TASK DIRECTIONS - Below are records with pictures; copy word for word only the lines between the line with "Set of 3 Velvet" and the line with "A gravel path", inclusive, and drop the pictures.

RECORDS FOR THIS TASK -
────────────────
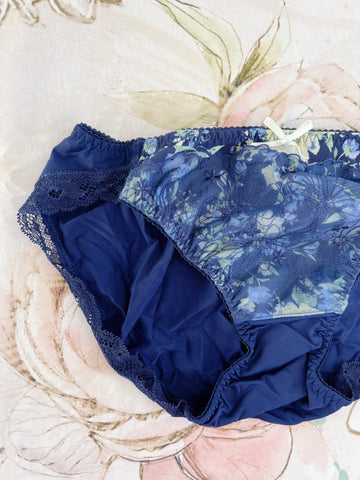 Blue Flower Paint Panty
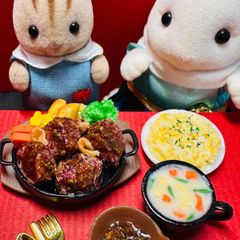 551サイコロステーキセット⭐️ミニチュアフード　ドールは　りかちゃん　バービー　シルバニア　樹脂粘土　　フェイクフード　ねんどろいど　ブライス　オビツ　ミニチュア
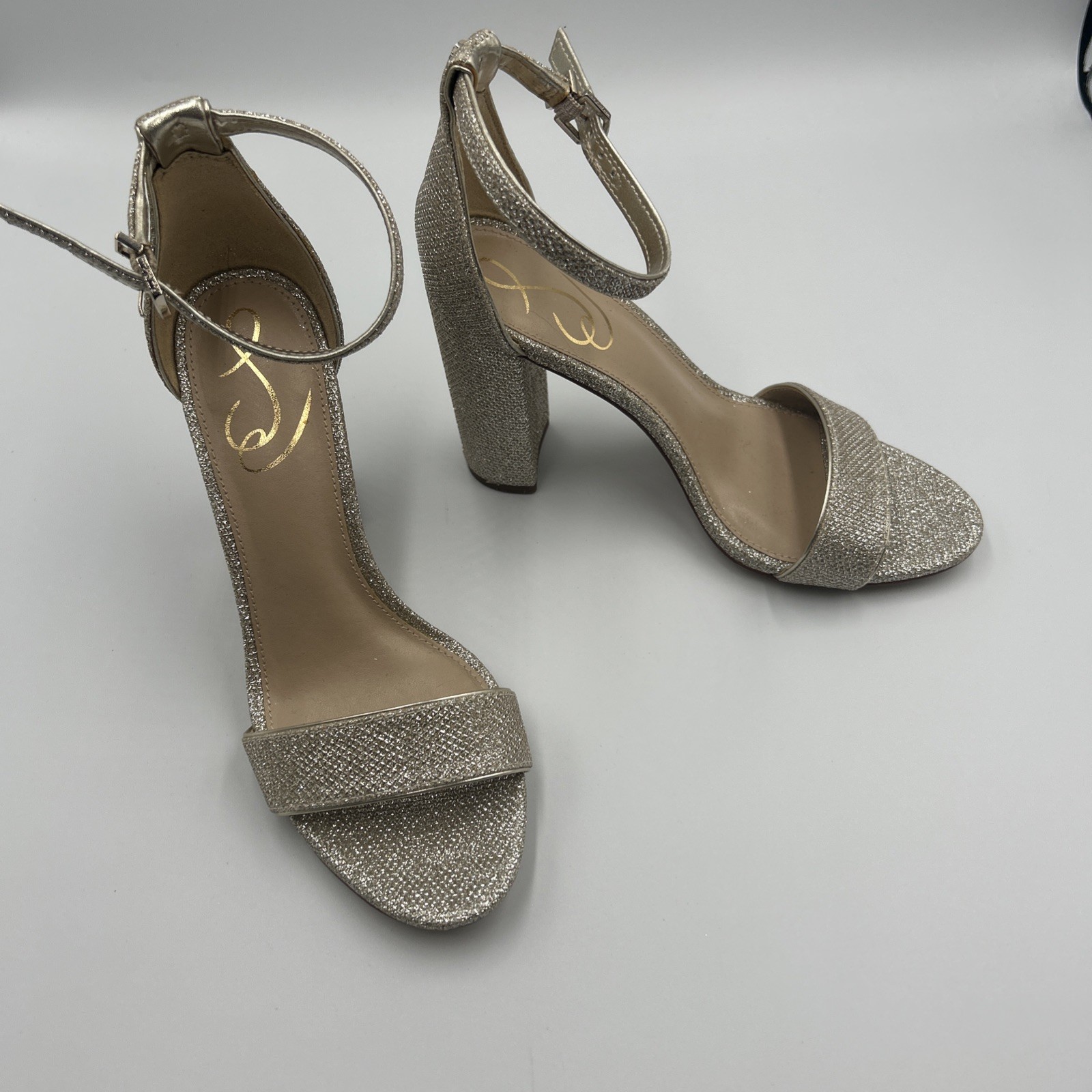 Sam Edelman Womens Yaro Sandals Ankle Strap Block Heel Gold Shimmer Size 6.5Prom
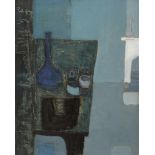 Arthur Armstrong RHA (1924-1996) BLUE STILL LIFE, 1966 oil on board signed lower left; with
────────────────
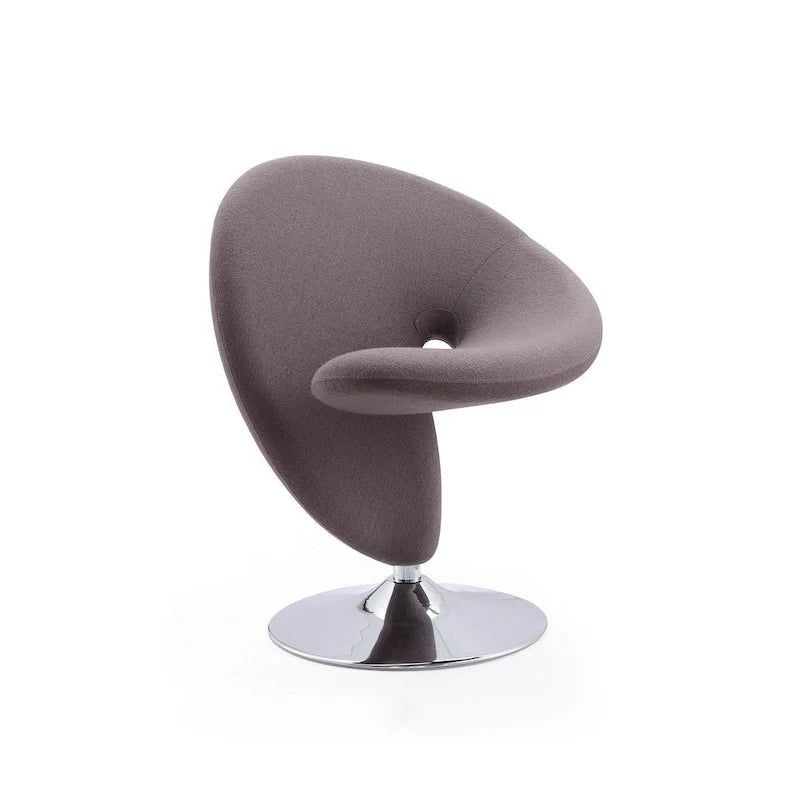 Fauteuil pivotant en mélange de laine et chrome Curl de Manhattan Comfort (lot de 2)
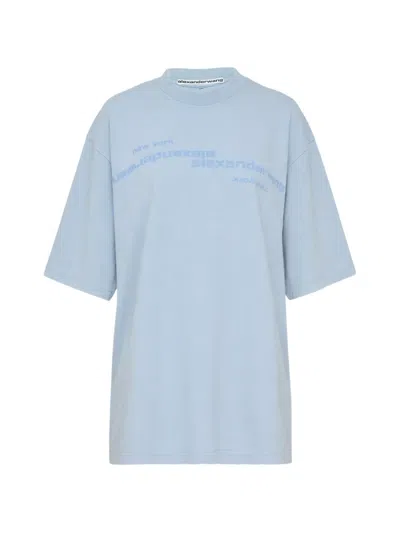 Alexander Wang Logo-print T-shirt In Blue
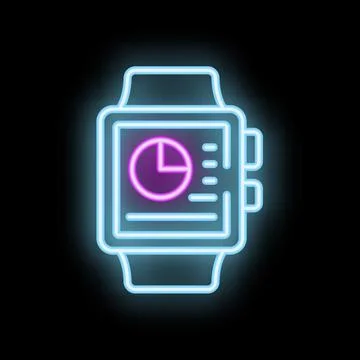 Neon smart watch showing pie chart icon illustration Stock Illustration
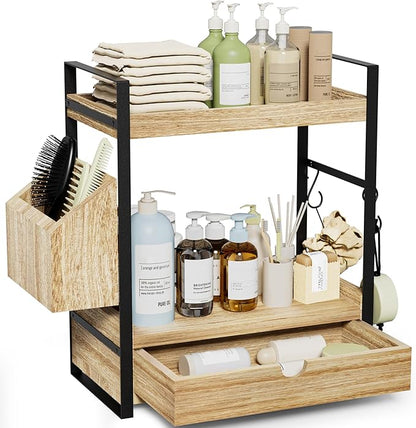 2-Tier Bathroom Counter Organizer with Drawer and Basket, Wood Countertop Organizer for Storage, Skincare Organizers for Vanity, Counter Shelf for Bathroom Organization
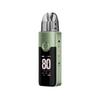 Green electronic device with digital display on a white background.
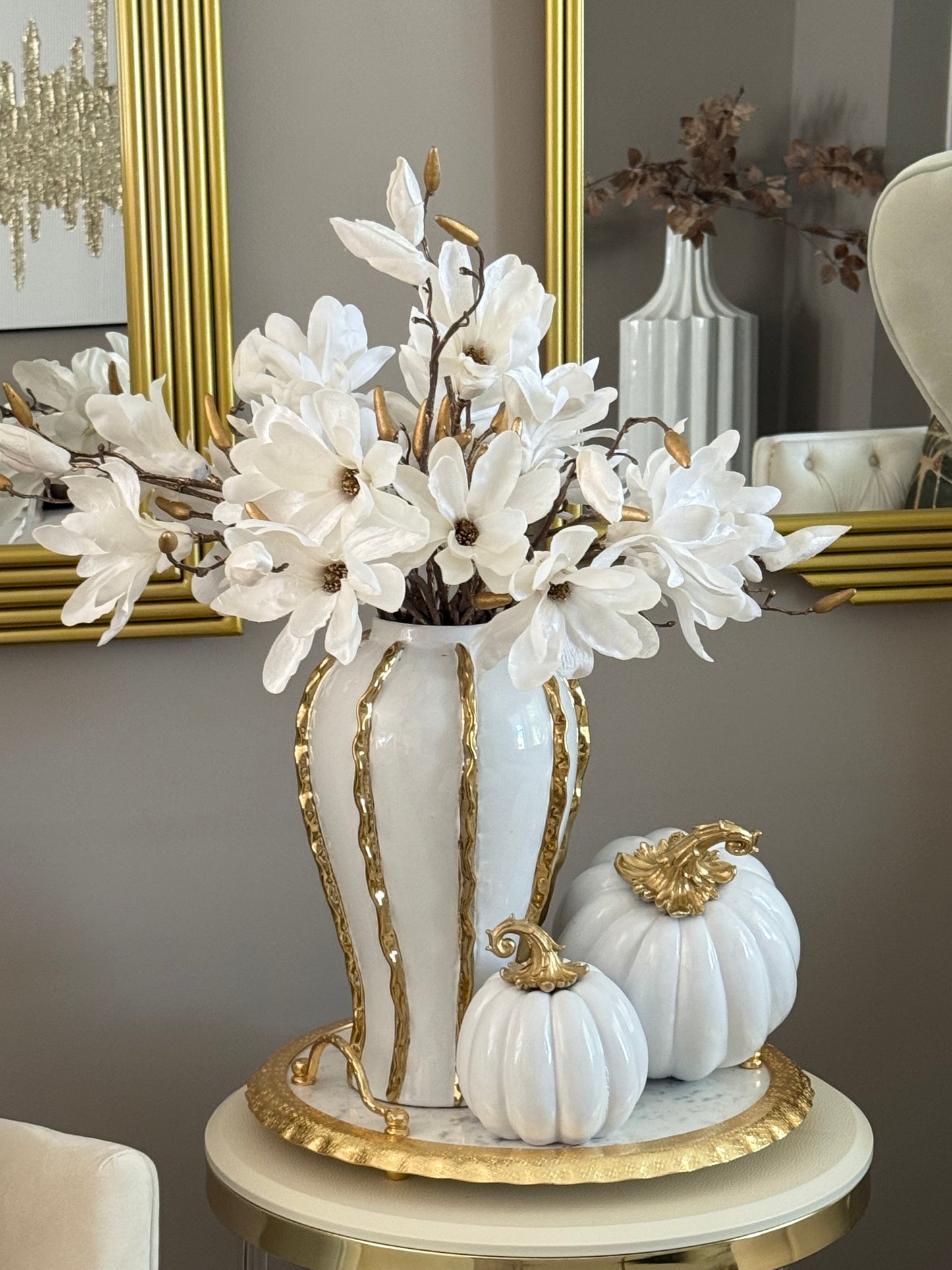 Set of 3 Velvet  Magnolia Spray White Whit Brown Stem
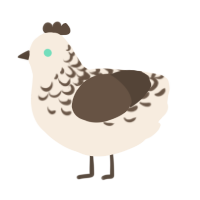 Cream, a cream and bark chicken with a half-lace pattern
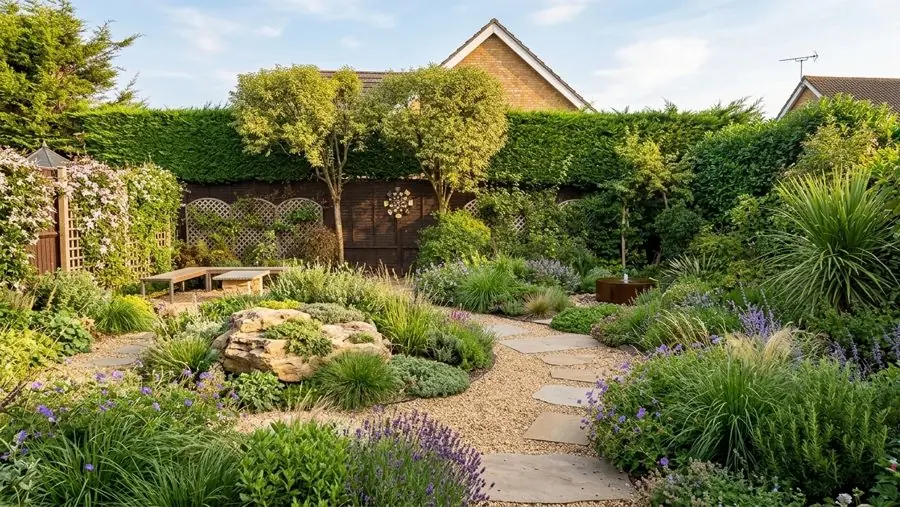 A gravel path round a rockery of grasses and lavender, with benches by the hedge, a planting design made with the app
────────────────
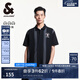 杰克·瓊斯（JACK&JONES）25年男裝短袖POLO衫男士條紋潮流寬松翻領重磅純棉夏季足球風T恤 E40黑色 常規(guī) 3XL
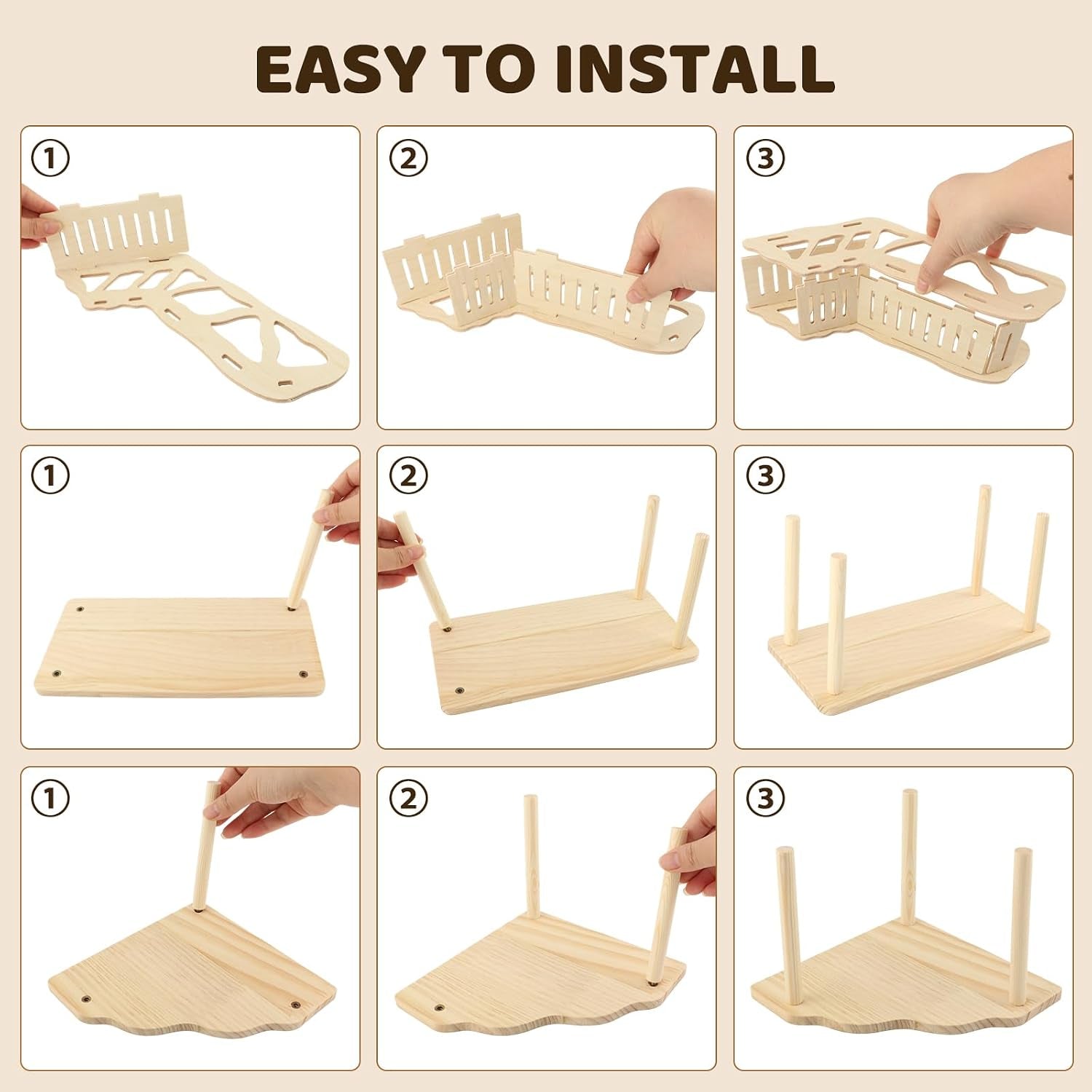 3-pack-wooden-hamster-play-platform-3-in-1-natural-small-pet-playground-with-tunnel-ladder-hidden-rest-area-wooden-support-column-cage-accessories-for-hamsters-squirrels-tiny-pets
────────────────
RESULT OF THIS EXERCISE -
 Set of 3 Velvet  Magnolia Spray White Whit Brown Stem
 Cream, a cream and bark chicken with a half-lace pattern
 A gravel path round a rockery of grasses and lavender, with benches by the hedge, a planting design made with the app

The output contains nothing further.